**Problem details:** Go through the listing below and list every line with "Front".

**Records:**

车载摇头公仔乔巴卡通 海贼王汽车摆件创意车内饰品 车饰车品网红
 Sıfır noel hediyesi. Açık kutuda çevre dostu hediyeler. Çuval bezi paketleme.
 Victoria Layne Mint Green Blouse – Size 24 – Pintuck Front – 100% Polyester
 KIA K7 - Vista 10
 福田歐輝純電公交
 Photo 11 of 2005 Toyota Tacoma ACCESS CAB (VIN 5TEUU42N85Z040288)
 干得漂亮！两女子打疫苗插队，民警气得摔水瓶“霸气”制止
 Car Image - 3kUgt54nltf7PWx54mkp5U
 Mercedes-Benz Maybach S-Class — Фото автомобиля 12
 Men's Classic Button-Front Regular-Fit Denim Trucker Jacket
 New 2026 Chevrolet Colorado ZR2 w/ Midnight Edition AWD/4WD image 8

**Result of this exercise:**
 Victoria Layne Mint Green Blouse – Size 24 – Pintuck Front – 100% Polyester
 Men's Classic Button-Front Regular-Fit Denim Trucker Jacket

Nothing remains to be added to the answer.